_Data_
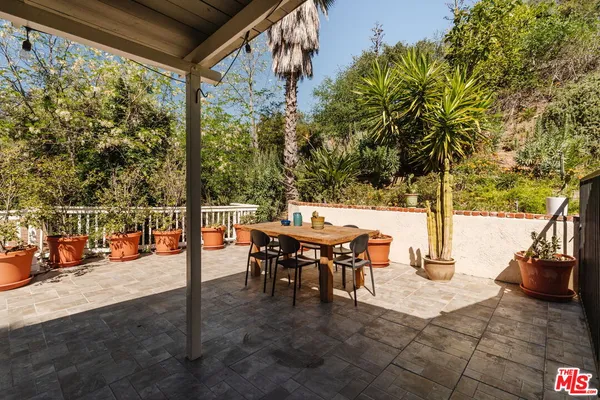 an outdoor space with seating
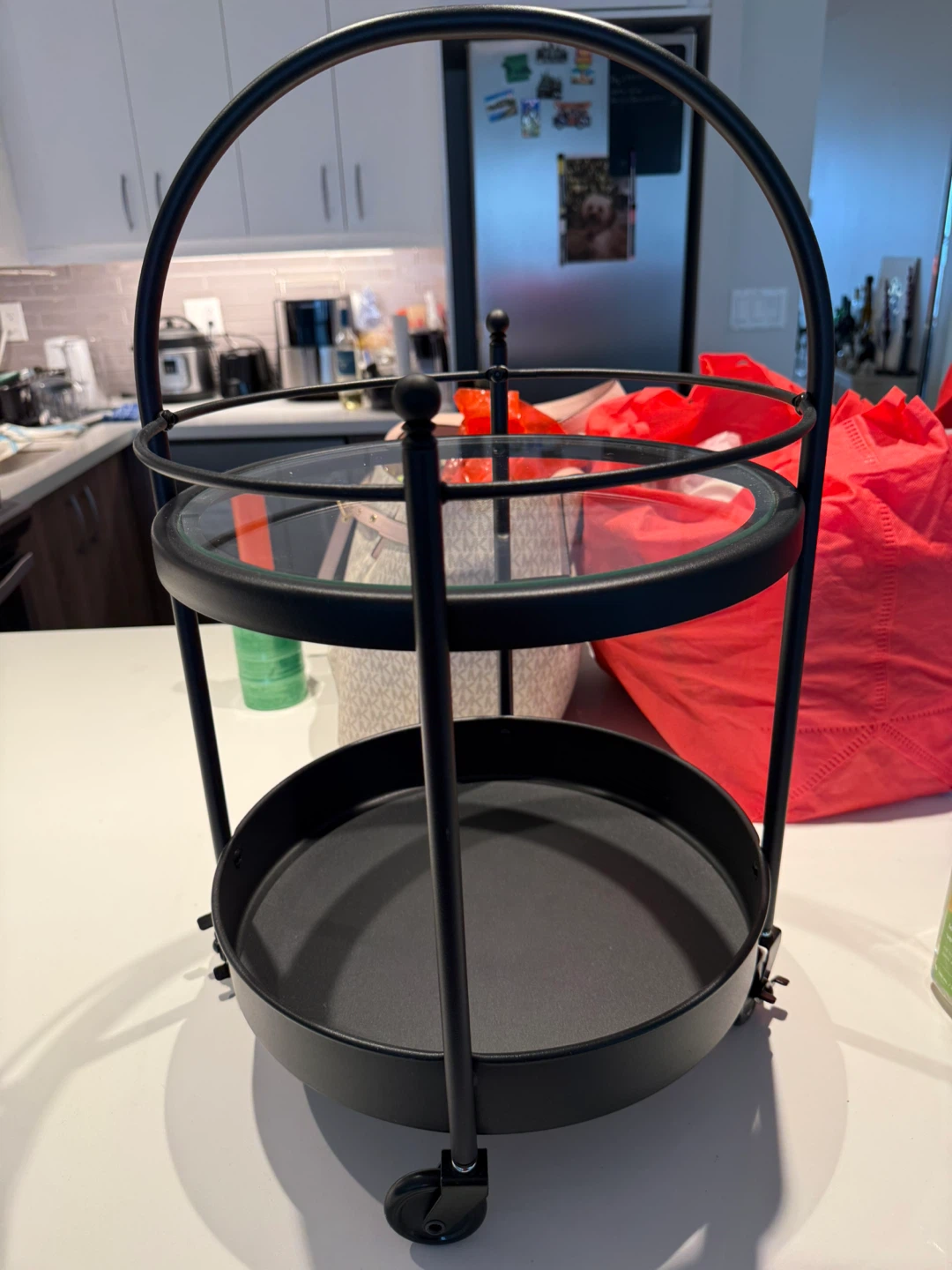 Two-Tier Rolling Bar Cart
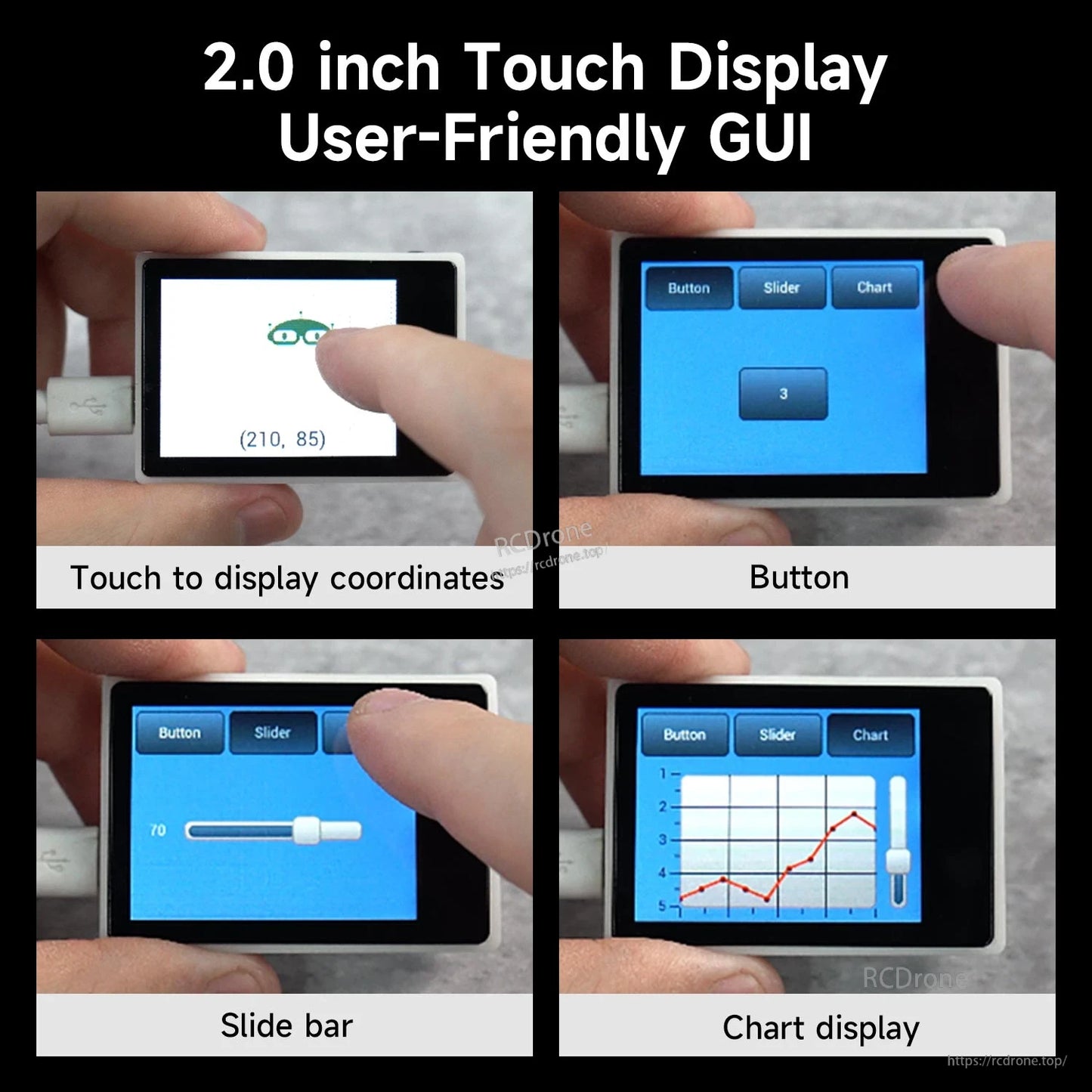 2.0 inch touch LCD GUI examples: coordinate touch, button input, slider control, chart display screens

---

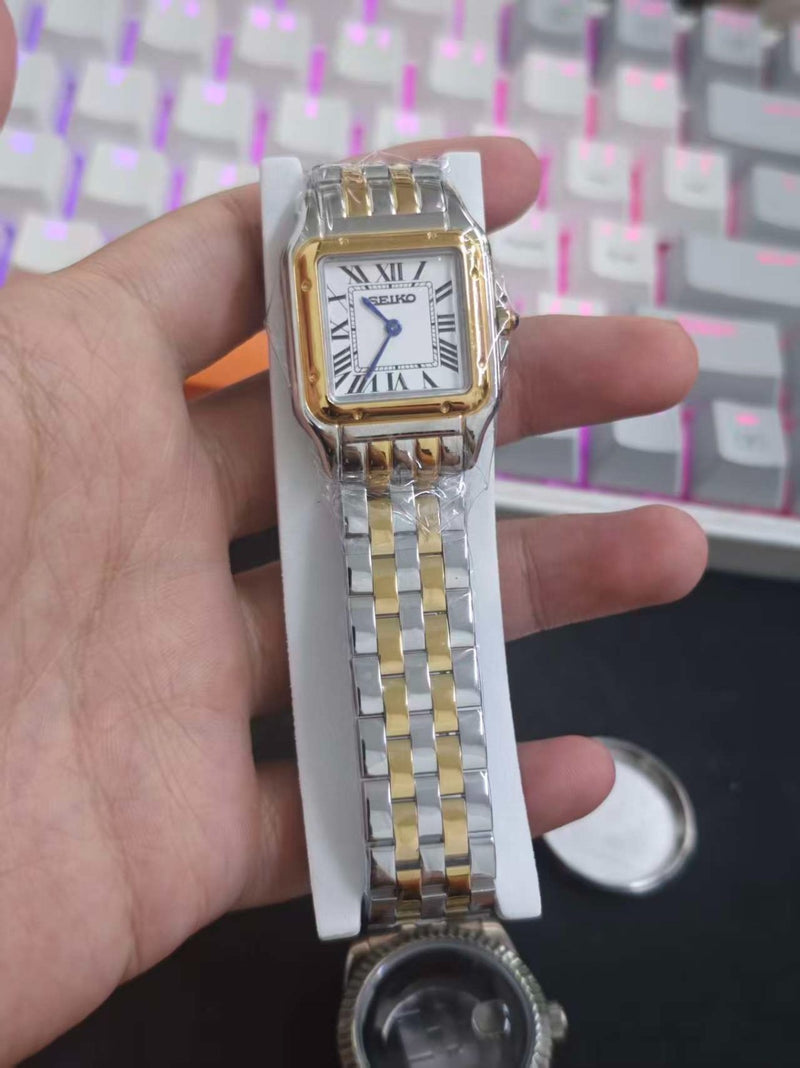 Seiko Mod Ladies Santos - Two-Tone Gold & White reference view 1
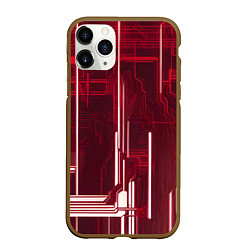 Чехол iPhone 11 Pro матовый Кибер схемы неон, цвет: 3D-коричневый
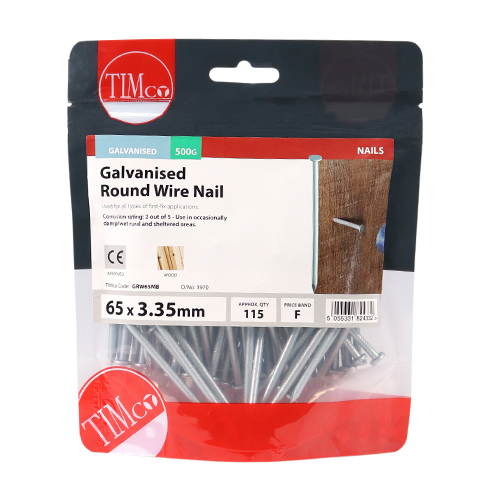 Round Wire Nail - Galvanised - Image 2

--

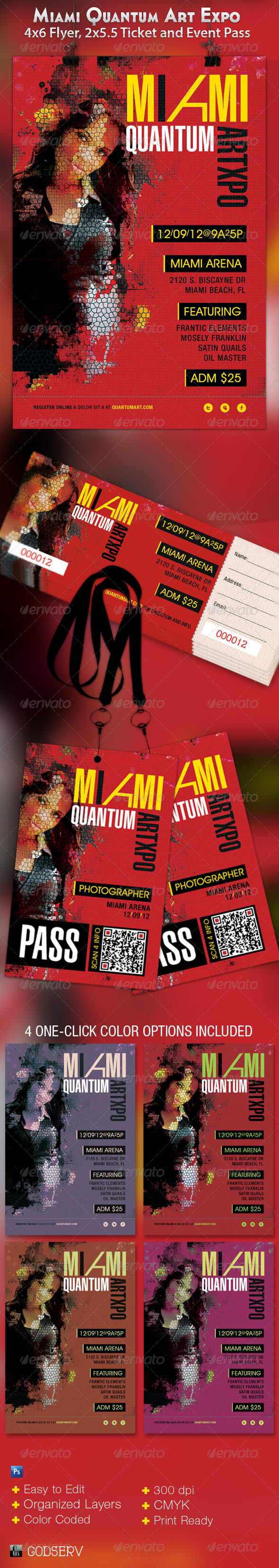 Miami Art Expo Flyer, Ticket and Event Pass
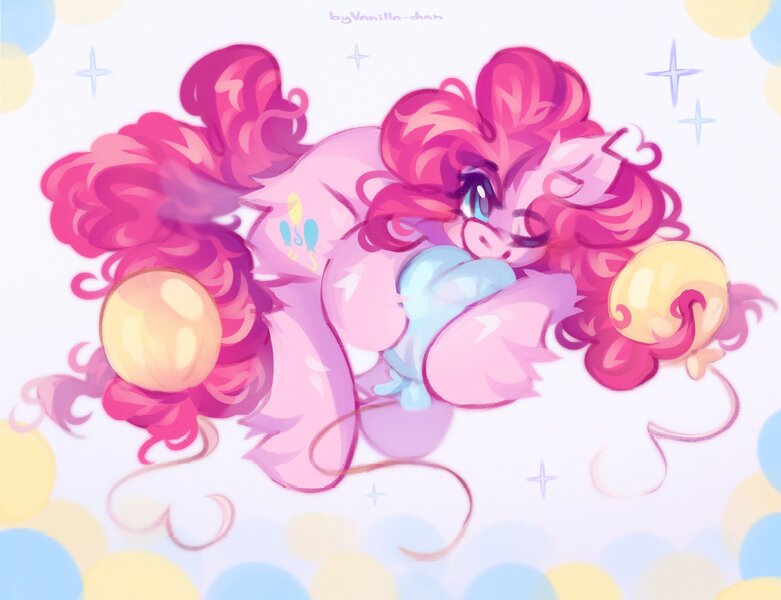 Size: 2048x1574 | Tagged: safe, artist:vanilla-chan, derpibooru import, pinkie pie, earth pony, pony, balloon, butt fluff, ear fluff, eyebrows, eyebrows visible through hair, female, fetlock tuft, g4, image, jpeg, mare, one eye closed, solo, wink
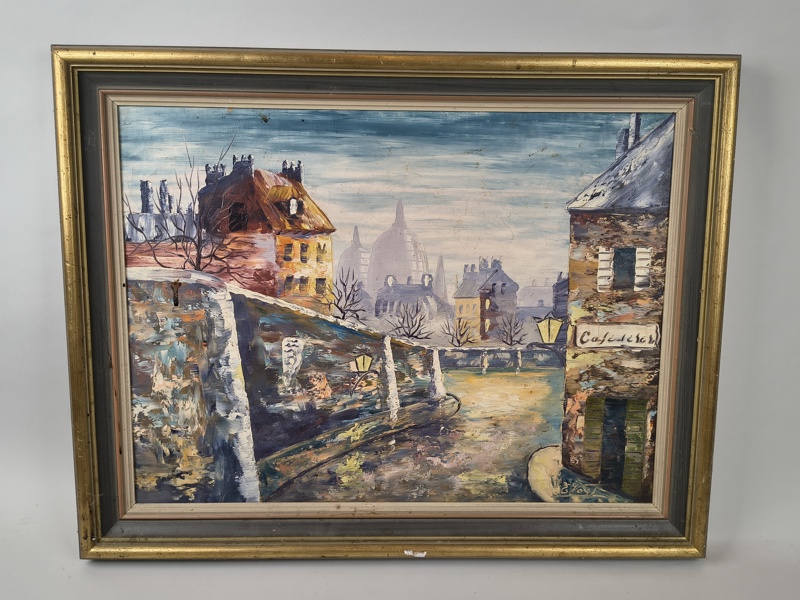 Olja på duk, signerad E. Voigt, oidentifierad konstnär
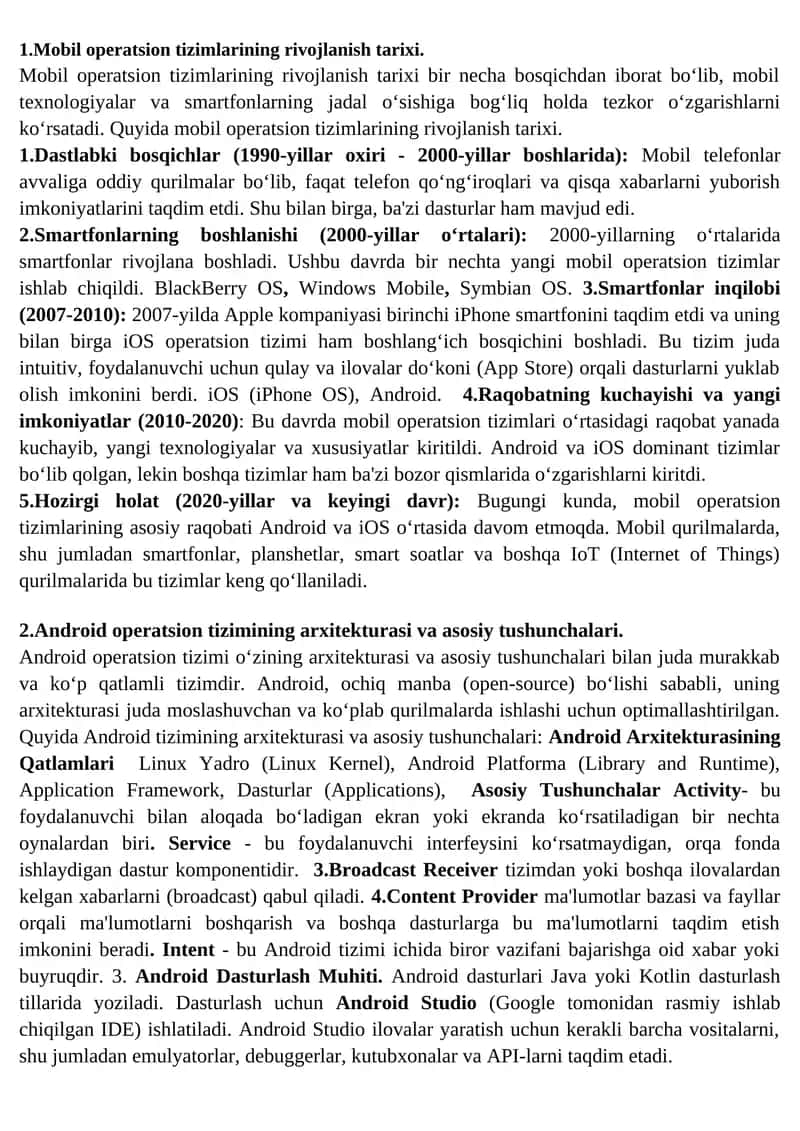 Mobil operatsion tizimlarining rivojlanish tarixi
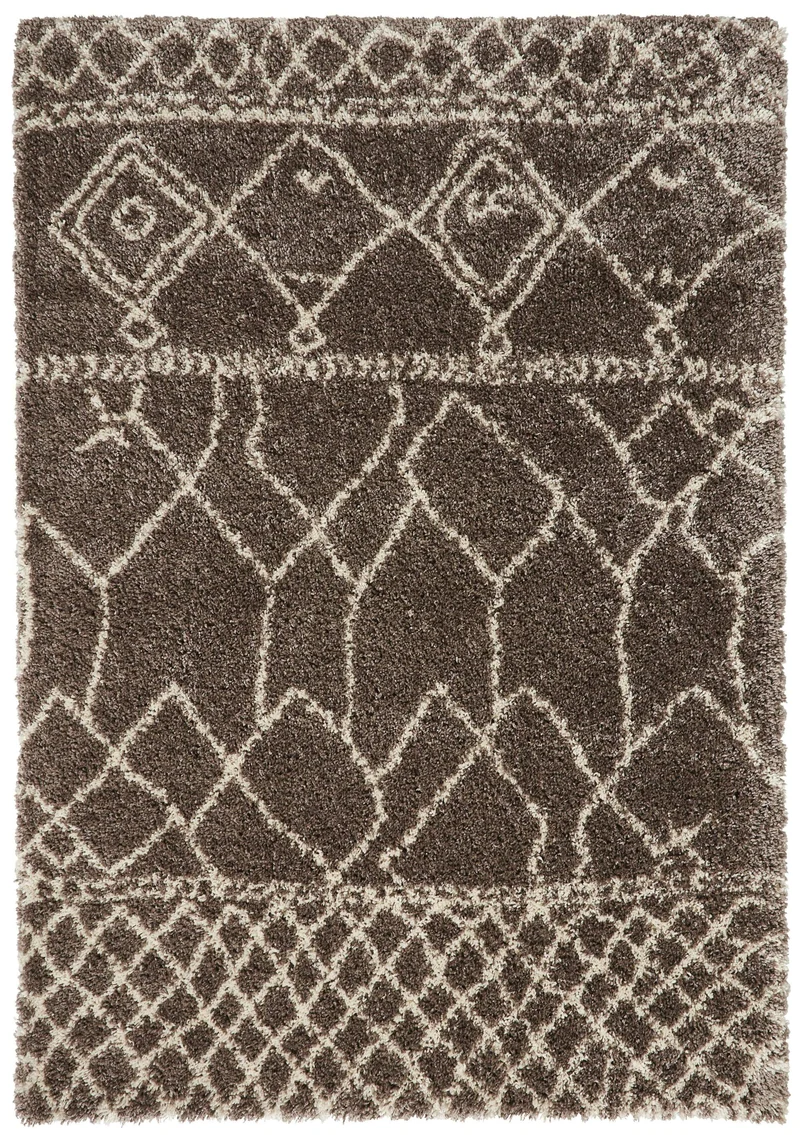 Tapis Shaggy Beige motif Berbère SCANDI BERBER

_Task objective_
Both boundary lines included, write out word for word only the lines above from the one containing "Olja på duk, signerad" to the one containing "Tapis Shaggy Beige", leaving out any pictures.

_Solution for this exercise_
 Olja på duk, signerad E. Voigt, oidentifierad konstnär
 Mobil operatsion tizimlarining rivojlanish tarixi
 Tapis Shaggy Beige motif Berbère SCANDI BERBER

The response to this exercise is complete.